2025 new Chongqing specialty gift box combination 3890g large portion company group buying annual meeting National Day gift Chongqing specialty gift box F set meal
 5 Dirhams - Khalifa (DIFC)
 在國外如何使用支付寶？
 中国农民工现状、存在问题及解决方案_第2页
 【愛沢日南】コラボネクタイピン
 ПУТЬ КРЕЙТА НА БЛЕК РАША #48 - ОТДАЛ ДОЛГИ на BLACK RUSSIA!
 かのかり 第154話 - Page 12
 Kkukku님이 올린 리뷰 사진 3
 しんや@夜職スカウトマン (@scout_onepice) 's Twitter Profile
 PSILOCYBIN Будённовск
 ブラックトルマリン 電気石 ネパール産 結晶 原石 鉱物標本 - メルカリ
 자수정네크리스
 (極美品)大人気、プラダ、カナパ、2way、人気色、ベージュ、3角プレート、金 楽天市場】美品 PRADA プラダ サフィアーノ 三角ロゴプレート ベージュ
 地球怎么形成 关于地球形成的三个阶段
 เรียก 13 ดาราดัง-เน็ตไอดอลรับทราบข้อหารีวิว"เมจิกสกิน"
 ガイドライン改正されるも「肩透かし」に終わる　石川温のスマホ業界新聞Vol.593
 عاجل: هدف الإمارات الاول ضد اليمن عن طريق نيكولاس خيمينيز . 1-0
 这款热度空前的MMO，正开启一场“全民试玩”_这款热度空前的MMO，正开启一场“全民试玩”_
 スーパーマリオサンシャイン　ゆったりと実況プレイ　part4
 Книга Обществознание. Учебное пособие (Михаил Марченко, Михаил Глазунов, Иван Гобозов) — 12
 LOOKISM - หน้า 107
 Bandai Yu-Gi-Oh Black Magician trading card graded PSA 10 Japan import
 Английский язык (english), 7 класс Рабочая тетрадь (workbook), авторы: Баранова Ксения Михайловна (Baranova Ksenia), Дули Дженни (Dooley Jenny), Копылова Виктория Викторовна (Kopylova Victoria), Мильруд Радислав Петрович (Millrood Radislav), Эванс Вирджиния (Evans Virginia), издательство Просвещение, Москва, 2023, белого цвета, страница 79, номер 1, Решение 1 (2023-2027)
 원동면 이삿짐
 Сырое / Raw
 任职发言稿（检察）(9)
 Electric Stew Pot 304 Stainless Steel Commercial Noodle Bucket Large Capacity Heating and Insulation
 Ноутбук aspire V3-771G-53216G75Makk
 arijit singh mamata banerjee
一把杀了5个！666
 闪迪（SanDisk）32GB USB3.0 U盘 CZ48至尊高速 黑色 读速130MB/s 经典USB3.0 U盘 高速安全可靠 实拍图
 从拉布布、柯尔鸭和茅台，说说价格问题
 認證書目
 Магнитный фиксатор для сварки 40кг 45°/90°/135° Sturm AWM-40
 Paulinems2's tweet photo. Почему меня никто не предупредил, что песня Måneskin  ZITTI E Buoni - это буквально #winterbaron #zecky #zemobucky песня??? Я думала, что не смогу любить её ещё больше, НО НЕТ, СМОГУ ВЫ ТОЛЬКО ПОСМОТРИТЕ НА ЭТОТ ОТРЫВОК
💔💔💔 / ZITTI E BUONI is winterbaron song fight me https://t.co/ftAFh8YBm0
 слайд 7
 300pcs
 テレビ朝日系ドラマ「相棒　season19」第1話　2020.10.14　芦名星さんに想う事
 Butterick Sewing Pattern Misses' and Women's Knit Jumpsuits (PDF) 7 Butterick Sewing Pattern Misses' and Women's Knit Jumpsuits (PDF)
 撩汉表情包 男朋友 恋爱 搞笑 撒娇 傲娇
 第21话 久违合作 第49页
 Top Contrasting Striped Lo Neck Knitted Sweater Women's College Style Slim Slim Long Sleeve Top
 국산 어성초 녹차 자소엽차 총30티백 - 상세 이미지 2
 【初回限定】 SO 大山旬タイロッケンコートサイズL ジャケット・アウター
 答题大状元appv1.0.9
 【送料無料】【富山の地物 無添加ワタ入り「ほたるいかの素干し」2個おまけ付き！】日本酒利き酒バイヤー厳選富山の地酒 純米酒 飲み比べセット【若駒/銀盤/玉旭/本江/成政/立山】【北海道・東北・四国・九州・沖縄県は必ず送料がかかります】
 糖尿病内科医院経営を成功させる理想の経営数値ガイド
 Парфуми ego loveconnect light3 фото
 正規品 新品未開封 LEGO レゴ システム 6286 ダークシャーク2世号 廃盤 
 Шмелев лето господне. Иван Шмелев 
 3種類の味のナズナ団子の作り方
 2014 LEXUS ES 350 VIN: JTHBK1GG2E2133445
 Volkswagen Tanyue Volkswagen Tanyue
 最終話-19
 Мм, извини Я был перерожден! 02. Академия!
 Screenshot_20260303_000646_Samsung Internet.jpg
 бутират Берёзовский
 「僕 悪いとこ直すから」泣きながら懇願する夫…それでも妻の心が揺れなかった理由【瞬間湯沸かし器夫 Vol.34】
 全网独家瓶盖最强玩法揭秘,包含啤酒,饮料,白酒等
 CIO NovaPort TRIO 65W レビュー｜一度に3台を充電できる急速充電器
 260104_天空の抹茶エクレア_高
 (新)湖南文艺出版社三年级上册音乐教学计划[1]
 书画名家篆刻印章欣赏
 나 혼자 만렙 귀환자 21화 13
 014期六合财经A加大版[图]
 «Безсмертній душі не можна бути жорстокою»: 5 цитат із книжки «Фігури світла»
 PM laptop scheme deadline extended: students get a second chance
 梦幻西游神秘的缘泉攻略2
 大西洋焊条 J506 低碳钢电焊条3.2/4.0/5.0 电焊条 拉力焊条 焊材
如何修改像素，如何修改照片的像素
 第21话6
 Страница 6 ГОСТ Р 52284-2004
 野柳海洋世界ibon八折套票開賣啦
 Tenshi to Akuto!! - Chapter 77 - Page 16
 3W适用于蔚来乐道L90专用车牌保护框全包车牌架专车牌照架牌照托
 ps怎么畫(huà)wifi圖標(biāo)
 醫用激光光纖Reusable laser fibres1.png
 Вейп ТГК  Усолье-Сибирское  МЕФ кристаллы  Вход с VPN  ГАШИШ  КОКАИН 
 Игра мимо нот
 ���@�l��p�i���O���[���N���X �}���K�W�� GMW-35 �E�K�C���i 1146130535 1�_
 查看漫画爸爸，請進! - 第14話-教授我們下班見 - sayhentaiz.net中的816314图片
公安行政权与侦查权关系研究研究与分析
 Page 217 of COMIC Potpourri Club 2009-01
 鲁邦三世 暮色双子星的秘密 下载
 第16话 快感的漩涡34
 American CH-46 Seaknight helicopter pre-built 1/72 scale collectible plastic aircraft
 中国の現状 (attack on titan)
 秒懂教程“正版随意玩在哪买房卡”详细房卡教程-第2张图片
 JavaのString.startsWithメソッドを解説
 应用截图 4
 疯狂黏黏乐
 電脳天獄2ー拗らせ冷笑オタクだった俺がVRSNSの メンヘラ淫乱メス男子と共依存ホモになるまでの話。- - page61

---

*PROBLEM:* Starting at the line with "Шмелев лето господне. Иван Шмелев", restate every line word for word through the end of the listing above.

*SOLUTION TO THIS PROBLEM:*
 Шмелев лето господне. Иван Шмелев 
 3種類の味のナズナ団子の作り方
 2014 LEXUS ES 350 VIN: JTHBK1GG2E2133445
 Volkswagen Tanyue Volkswagen Tanyue
 最終話-19
 Мм, извини Я был перерожден! 02. Академия!
 Screenshot_20260303_000646_Samsung Internet.jpg
 бутират Берёзовский
 「僕 悪いとこ直すから」泣きながら懇願する夫…それでも妻の心が揺れなかった理由【瞬間湯沸かし器夫 Vol.34】
 全网独家瓶盖最强玩法揭秘,包含啤酒,饮料,白酒等
 CIO NovaPort TRIO 65W レビュー｜一度に3台を充電できる急速充電器
 260104_天空の抹茶エクレア_高
 (新)湖南文艺出版社三年级上册音乐教学计划[1]
 书画名家篆刻印章欣赏
 나 혼자 만렙 귀환자 21화 13
 014期六合财经A加大版[图]
 «Безсмертній душі не можна бути жорстокою»: 5 цитат із книжки «Фігури світла»
 PM laptop scheme deadline extended: students get a second chance
 梦幻西游神秘的缘泉攻略2
 大西洋焊条 J506 低碳钢电焊条3.2/4.0/5.0 电焊条 拉力焊条 焊材
如何修改像素，如何修改照片的像素
 第21话6
 Страница 6 ГОСТ Р 52284-2004
 野柳海洋世界ibon八折套票開賣啦
 Tenshi to Akuto!! - Chapter 77 - Page 16
 3W适用于蔚来乐道L90专用车牌保护框全包车牌架专车牌照架牌照托
 ps怎么畫(huà)wifi圖標(biāo)
 醫用激光光纖Reusable laser fibres1.png
 Вейп ТГК  Усолье-Сибирское  МЕФ кристаллы  Вход с VPN  ГАШИШ  КОКАИН 
 Игра мимо нот
 ���@�l��p�i���O���[���N���X �}���K�W�� GMW-35 �E�K�C���i 1146130535 1�_
 查看漫画爸爸，請進! - 第14話-教授我們下班見 - sayhentaiz.net中的816314图片
公安行政权与侦查权关系研究研究与分析
 Page 217 of COMIC Potpourri Club 2009-01
 鲁邦三世 暮色双子星的秘密 下载
 第16话 快感的漩涡34
 American CH-46 Seaknight helicopter pre-built 1/72 scale collectible plastic aircraft
 中国の現状 (attack on titan)
 秒懂教程“正版随意玩在哪买房卡”详细房卡教程-第2张图片
 JavaのString.startsWithメソッドを解説
 应用截图 4
 疯狂黏黏乐
 電脳天獄2ー拗らせ冷笑オタクだった俺がVRSNSの メンヘラ淫乱メス男子と共依存ホモになるまでの話。- - page61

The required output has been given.